融通手形の恐ろしさ(1)
カテゴリ:銀行融資
コラム「中小企業と金融機関」粉飾決算編
今回のコラムは「融通手形の恐ろしさ」です。
融通手形による連鎖倒産の危険性
資金繰りが厳しくなった企業が、知り合いの会社に頼み込んで、実際の商取引に基づかないのに手形を振り出してもらい、その手形を割り引くことにより資金調達をする、このときに振り出される手形を「融通手形」と言います。
例えば、資金繰りが厳しいA社の社長は知り合いの社長に頼み、その知り合いの社長が経営するB社で500万円の手形を3月20日に振り出してもらいます。
手形の支払日は3ヵ月後の6月30日だとします。
手形を受け取ったA社は、それを金融機関で手形割引を行って500万円調達します。
実質的には、A社はB社に手形を振り出してもらうことにより融資を受けたのと同じことになります。
しかし手形の支払日6月30日には決済となるため、B社は500万円を用意しなければなりません。
当然、A社からB社に500万円入れてもらって、B社はそのお金で手形を決済することになります。
しかし6月30日にA社が500万円用意できない場合、B社は手形が決済できないと不渡りになるため、B社自身で500万円を用意しなければなりません。
融通手形としてB社に手形を振り出してもらわなければならない状況だったA社ですから、そうなってしまう可能性は高いわけです。
こう考えると、知り合いからいくら頼み込まれようと、融通手形を振り出してしまうのは危険な行為です。
A社が手形決済日にB社に500万円を入れることができない場合によく行われるのは、B社から再度、融通手形を振り出してもらって、それを割引することです。
A社は事業が赤字で、その赤字を、融通手形による手形割引で資金調達し、補填していくことを続けていけば、融通手形の金額はどんどん膨らみ、B社が振り出している手形の金額はどんどん大きくなります。
そしていつかは手形割引が大きくなり過ぎてしまい、限界が来て、A社は破綻し、手形決済ができないB社も道連れに破綻してしまうことになります。
手形が招く不渡り
以前、紙工製品卸売業の会社が、私の会社に相談に来られました。

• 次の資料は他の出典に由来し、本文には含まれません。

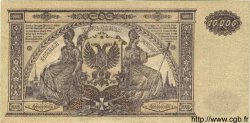 10000 Roubles RUSSIA  1919 PS.0425a XF+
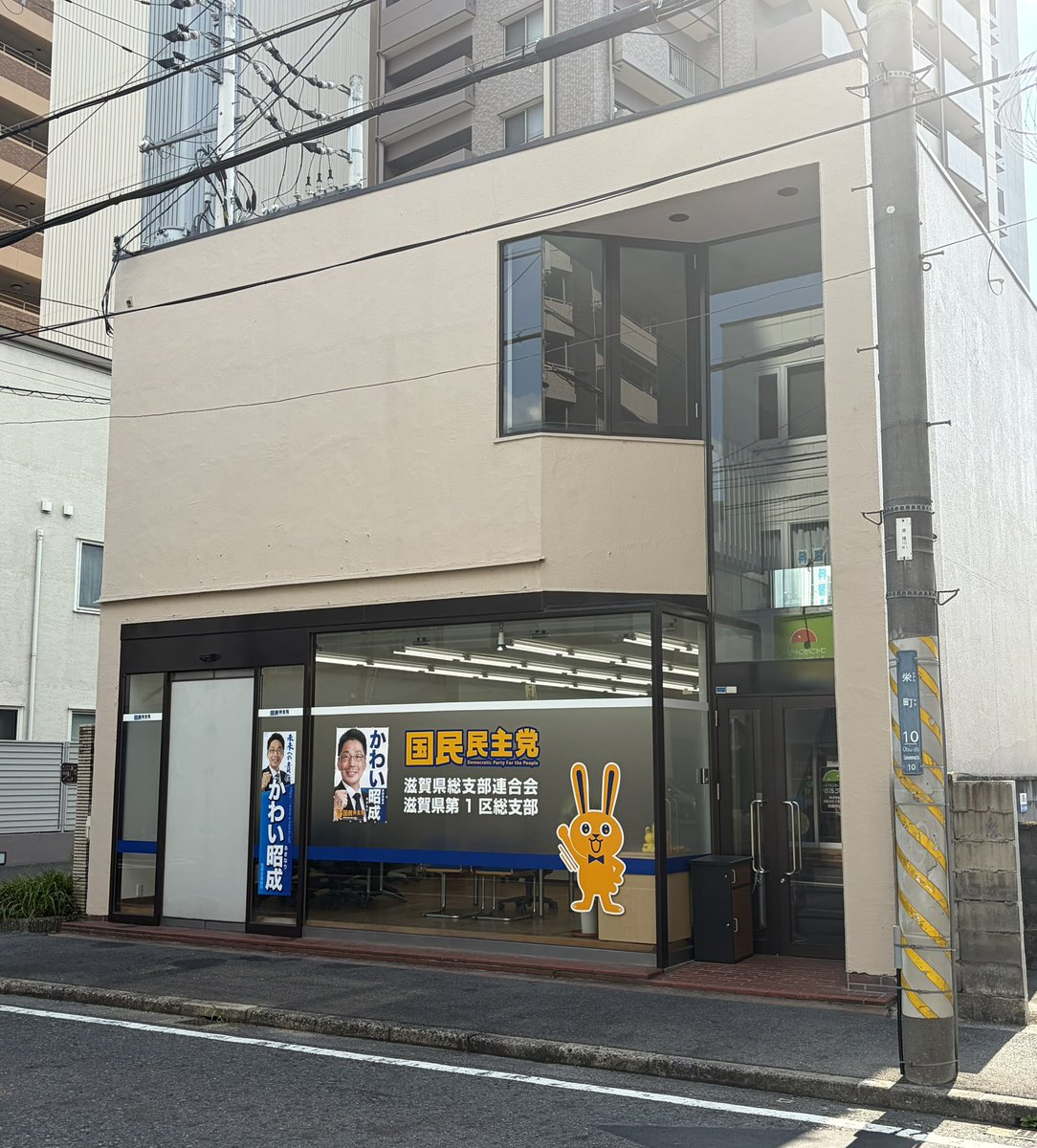 kawai_akinari's tweet photo. 7/19に事務所を引っ越しました

「国民民主党滋賀県総支部連合会」
「国民民主党滋賀県第1区総支部」
および
「かわい昭成事務所」

新事務所は
520-0855 大津市栄町10-8
石山商店街の中にあります

事務所は平日9:00〜17:00に開いています。土日祝は不在もしくは閉めている場合がありますので、事前にご連絡いただけると幸いです。

引き続きよろしくお願いします！

#国民民主党
#滋賀1区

年商5億円のその会社は、知人の会社に頼まれ、融通手形をつい振り出してしまいました。
そして3年後、支払手形の残高は1億5,000万円まで膨らんでしまいました。
手形の怖いところは、それが支払期日に決済できなかったら、不渡りになることです。
1度でも不渡りになると、不渡報告に掲載され、他の銀行にも知れ渡ることになり、要警戒企業となります。
6ヵ月以内に2度の不渡りとなると、すべての銀行で当座預金が使えなくなり、融資も受けられなくなります。
これを銀行取引停止処分と言います。
この銀行取引停止処分をきっかけに、倒産してしまう企業は多いものです。
借入金の延滞や買掛金の未払いであれば、銀行や買掛先と交渉していけばよいのですが、支払手形の不渡りは決定的なダメージとなります。
そのため、融通手形により支払手形の金額が膨らんでしまった企業は、とても厳しい状況に追い込まれてしまいます。
またそういう企業は、得てして業況は問題ない企業が多いものです。
知人の経営者からつい頼まれて、融通手形を振り出してあげた、それが自分の会社を苦しめることになるのです。
当座預金を持ち、銀行から手形手帳をもらい、手形を振り出すことができる企業は、十分にお気をつけ下さい。
また、手形の振り出しを経理部長などに任せている企業は、社長の知らないところで、経理部長が融通手形を振り出しているかもしれません。
実際にそのような企業からの相談を受けたこともあります。
さらに経理部長が、融通手形を振り出していた相手から、割り引いて得た金額の何割かを謝礼としてこっそりともらっている場合もあります。
経理部長などに手形の振り出しを任せている会社は十分に注意して下さい。